* Task item: Your job is to report every line of the entries that has "Chiffon".

* Given information:
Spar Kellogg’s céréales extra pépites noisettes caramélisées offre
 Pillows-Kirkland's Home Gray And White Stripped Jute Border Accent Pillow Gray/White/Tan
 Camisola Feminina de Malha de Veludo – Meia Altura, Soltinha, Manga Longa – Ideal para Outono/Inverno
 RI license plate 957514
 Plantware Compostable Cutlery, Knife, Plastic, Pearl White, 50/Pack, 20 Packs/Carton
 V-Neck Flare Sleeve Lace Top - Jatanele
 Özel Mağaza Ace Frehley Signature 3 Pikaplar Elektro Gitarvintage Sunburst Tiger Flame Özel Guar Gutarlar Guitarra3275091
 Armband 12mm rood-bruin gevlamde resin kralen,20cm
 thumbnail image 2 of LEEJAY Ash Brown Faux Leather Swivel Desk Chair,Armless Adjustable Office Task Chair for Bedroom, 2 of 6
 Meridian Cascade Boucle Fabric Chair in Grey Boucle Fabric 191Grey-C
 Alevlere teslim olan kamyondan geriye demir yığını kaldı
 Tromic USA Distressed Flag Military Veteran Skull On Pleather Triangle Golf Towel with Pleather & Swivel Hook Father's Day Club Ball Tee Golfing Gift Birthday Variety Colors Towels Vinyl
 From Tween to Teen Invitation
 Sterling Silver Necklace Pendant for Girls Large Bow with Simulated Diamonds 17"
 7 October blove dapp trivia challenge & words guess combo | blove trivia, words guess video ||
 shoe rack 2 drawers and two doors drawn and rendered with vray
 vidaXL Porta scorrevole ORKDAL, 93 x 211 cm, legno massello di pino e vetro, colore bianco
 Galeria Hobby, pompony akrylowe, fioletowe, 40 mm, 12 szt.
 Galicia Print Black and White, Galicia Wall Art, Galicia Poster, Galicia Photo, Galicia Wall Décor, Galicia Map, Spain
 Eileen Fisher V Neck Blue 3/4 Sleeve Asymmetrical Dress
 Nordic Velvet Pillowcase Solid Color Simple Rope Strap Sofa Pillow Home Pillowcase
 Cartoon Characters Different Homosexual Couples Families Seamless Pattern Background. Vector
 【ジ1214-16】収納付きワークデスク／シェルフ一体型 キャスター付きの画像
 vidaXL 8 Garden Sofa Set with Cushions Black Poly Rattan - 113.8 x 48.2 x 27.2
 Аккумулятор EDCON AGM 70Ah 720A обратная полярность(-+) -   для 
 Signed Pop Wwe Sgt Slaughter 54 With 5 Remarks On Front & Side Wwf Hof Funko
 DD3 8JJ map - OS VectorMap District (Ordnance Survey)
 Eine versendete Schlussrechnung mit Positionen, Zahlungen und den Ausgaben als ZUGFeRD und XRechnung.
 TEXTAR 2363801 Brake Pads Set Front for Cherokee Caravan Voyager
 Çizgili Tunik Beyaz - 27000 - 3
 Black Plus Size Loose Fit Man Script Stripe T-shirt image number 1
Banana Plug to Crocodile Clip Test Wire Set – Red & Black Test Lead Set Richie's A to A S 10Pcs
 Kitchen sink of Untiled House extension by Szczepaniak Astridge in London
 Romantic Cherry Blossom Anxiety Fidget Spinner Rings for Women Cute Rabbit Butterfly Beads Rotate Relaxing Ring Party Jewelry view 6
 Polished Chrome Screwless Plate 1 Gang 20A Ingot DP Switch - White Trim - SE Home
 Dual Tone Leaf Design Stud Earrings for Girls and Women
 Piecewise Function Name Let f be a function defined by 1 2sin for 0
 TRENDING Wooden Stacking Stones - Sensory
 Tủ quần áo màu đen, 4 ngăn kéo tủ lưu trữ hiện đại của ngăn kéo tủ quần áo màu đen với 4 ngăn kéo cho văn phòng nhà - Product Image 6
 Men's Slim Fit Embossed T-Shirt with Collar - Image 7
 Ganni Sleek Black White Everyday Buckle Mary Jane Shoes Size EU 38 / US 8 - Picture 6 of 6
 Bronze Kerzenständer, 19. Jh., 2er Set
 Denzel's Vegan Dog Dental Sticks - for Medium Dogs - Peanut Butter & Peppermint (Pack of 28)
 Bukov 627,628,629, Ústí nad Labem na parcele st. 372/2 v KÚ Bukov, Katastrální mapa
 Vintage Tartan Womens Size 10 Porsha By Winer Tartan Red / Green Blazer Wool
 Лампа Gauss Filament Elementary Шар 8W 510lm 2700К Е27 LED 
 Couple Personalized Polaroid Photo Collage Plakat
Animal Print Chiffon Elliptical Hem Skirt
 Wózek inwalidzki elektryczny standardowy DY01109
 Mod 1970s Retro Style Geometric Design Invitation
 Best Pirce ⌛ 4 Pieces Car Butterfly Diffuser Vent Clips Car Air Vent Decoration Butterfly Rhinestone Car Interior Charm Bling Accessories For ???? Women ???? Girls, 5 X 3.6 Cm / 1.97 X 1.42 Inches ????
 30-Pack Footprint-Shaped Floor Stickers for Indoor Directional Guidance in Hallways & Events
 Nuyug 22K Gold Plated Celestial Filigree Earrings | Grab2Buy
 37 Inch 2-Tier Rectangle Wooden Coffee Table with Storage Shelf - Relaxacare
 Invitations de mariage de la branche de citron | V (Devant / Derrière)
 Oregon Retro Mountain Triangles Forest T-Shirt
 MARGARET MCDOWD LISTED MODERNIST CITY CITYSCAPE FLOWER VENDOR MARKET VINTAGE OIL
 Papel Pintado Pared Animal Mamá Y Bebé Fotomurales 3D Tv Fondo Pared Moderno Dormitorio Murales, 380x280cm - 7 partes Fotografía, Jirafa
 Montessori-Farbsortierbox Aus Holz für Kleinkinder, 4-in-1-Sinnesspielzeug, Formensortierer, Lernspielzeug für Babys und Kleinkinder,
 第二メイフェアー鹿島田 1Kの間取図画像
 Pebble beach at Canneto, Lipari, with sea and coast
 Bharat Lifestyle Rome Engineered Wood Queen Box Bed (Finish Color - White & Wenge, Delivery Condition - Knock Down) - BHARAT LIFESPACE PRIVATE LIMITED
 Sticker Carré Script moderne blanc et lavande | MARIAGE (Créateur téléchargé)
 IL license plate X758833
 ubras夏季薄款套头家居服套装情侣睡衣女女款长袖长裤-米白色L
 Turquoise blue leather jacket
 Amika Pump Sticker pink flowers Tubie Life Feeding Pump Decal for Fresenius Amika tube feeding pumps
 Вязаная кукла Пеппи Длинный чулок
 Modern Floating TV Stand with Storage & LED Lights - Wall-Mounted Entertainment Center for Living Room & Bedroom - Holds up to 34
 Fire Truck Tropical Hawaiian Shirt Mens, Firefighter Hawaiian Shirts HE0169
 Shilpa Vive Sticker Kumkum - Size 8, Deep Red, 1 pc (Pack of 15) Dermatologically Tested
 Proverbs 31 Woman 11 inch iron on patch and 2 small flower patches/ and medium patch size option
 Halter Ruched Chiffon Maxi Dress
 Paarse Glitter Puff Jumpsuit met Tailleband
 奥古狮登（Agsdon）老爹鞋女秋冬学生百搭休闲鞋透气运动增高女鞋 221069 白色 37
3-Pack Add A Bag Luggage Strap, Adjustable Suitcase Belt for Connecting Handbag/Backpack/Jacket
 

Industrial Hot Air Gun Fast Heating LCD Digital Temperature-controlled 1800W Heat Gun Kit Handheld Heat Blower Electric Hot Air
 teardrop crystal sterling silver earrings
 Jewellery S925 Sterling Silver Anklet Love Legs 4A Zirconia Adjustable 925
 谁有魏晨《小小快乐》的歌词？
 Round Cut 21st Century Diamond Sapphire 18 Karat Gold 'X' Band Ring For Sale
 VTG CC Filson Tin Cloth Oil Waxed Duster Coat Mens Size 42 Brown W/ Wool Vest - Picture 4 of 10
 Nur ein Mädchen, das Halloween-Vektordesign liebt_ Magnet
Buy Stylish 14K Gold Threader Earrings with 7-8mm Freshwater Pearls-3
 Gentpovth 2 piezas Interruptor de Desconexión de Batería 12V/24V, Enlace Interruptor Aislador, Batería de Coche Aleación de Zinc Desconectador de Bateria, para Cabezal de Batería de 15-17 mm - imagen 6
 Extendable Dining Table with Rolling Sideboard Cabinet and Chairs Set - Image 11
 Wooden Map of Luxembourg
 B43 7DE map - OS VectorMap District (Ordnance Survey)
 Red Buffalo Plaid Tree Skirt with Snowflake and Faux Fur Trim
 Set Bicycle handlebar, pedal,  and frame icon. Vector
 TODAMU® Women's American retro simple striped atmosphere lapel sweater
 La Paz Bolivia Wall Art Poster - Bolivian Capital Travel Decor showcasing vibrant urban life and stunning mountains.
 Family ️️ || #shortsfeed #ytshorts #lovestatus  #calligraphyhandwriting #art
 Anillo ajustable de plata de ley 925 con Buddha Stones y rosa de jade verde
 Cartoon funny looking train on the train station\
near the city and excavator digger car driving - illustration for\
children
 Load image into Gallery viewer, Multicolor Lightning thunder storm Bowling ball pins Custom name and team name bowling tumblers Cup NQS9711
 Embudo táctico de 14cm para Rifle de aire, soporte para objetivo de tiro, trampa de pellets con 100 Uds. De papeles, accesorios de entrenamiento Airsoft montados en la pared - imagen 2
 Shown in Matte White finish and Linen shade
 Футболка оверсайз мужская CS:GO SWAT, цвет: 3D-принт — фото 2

* Result for this task:
Animal Print Chiffon Elliptical Hem Skirt
 Halter Ruched Chiffon Maxi Dress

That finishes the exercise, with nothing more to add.